(REQUIRED WORK) Since the listing below shows pictures, leave them out and write out exactly the lines from the line with "Hello Dribbble design" to the line with "Saltea Carucior Sensillo", both included, and no others.

^^^^

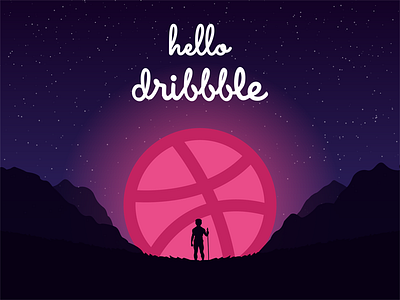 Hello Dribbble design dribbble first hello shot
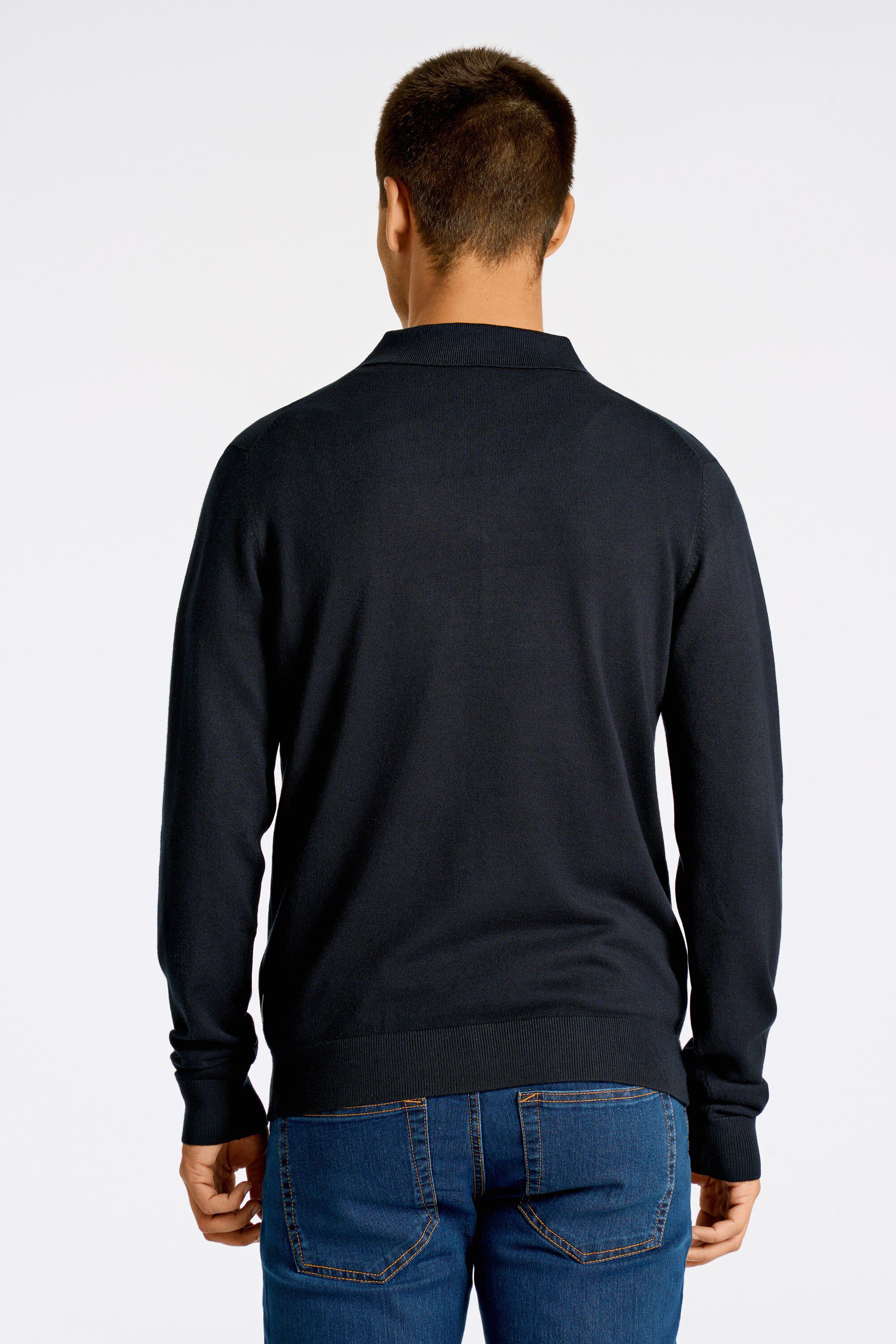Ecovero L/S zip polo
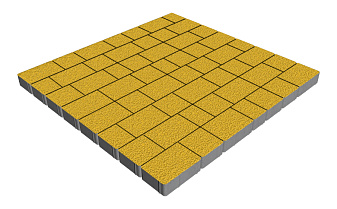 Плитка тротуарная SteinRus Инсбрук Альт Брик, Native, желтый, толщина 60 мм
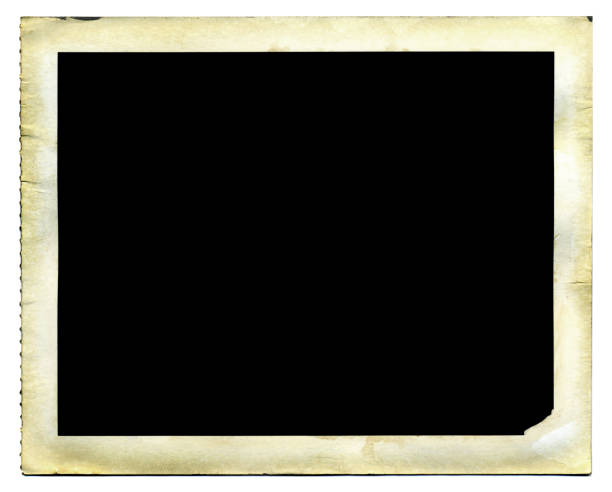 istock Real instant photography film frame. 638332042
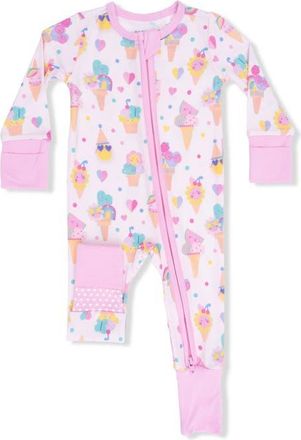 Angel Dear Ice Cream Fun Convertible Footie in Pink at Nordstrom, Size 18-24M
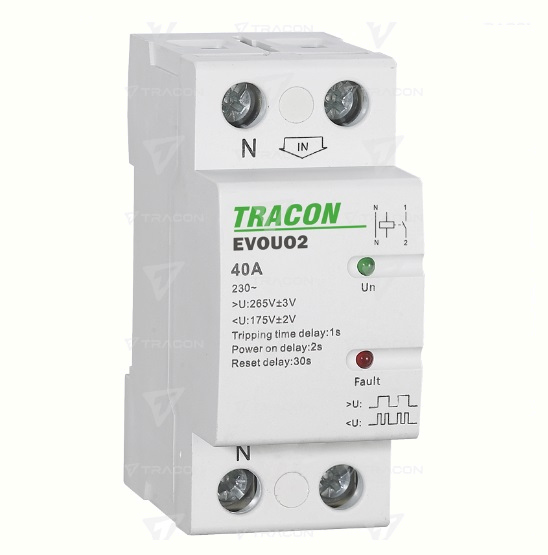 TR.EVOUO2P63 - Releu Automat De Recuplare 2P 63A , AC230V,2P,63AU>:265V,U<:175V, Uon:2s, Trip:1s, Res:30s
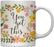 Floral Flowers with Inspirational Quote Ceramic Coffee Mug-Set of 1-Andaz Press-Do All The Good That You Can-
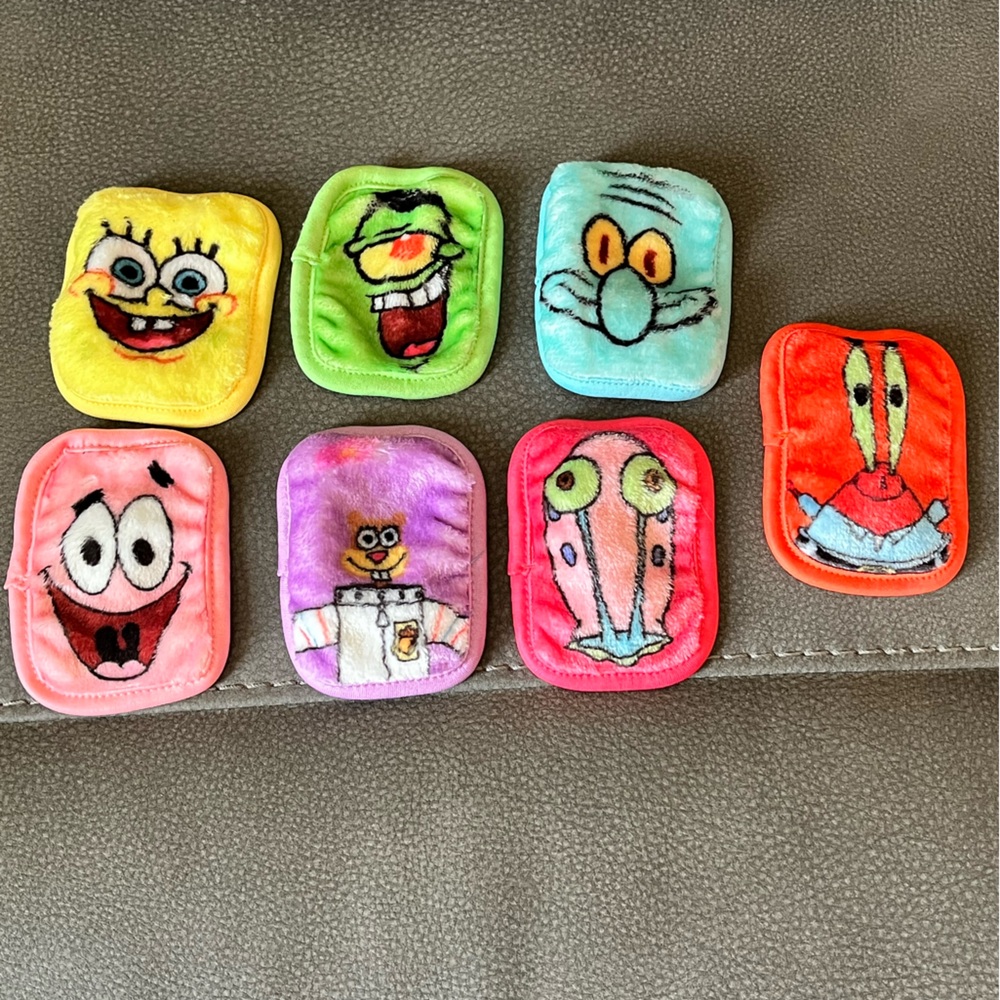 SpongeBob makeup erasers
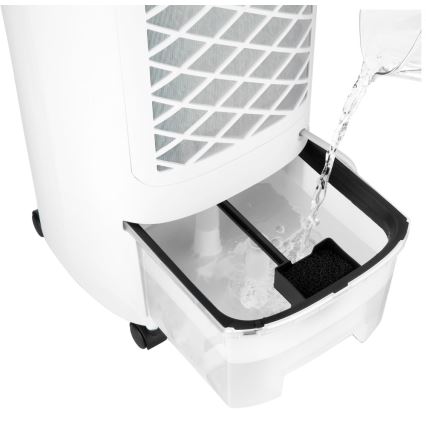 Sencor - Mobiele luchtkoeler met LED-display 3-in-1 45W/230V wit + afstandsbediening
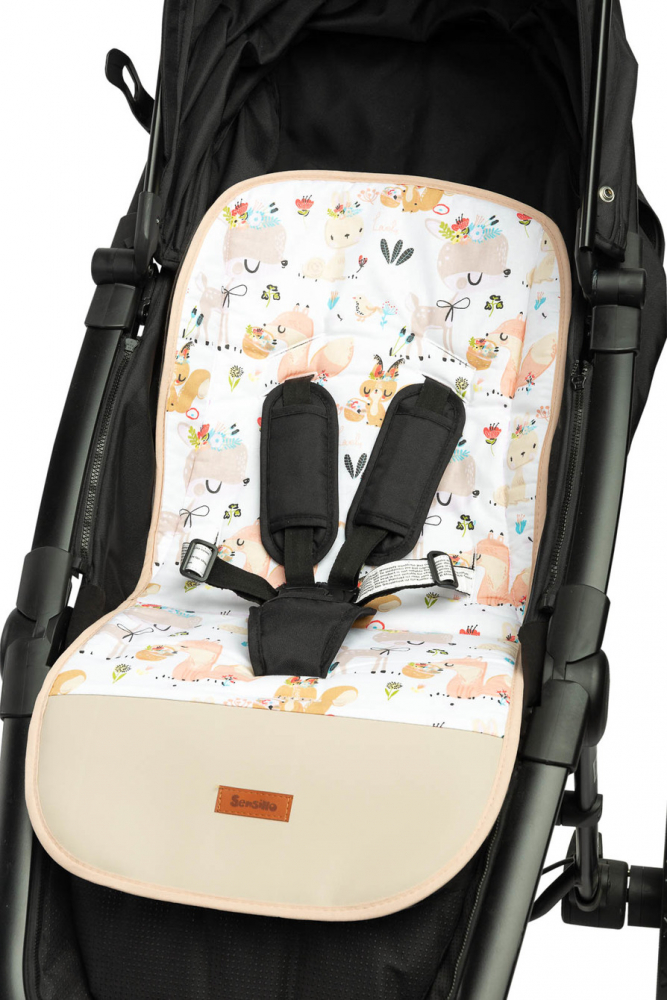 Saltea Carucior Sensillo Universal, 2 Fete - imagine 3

^^^^

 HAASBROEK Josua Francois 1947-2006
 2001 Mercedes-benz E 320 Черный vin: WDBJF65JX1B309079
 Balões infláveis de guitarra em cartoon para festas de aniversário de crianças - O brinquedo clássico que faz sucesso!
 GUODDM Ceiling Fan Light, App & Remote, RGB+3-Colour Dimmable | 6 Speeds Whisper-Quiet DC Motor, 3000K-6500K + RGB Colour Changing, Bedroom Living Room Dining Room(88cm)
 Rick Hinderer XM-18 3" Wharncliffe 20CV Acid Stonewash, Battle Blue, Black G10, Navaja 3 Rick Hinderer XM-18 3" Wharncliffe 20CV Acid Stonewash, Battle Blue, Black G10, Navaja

^^^^

(TASK SOLUTION)
 Hello Dribbble design dribbble first hello shot
Ecovero L/S zip polo
 Плитка тротуарная SteinRus Инсбрук Альт Брик, Native, желтый, толщина 60 мм
 istock Real instant photography film frame. 638332042
 Angel Dear Ice Cream Fun Convertible Footie in Pink at Nordstrom, Size 18-24M
 TR.EVOUO2P63 - Releu Automat De Recuplare 2P 63A , AC230V,2P,63AU>:265V,U<:175V, Uon:2s, Trip:1s, Res:30s
 Floral Flowers with Inspirational Quote Ceramic Coffee Mug-Set of 1-Andaz Press-Do All The Good That You Can-
 SpongeBob makeup erasers
 Sencor - Mobiele luchtkoeler met LED-display 3-in-1 45W/230V wit + afstandsbediening
 Saltea Carucior Sensillo Universal, 2 Fete - imagine 3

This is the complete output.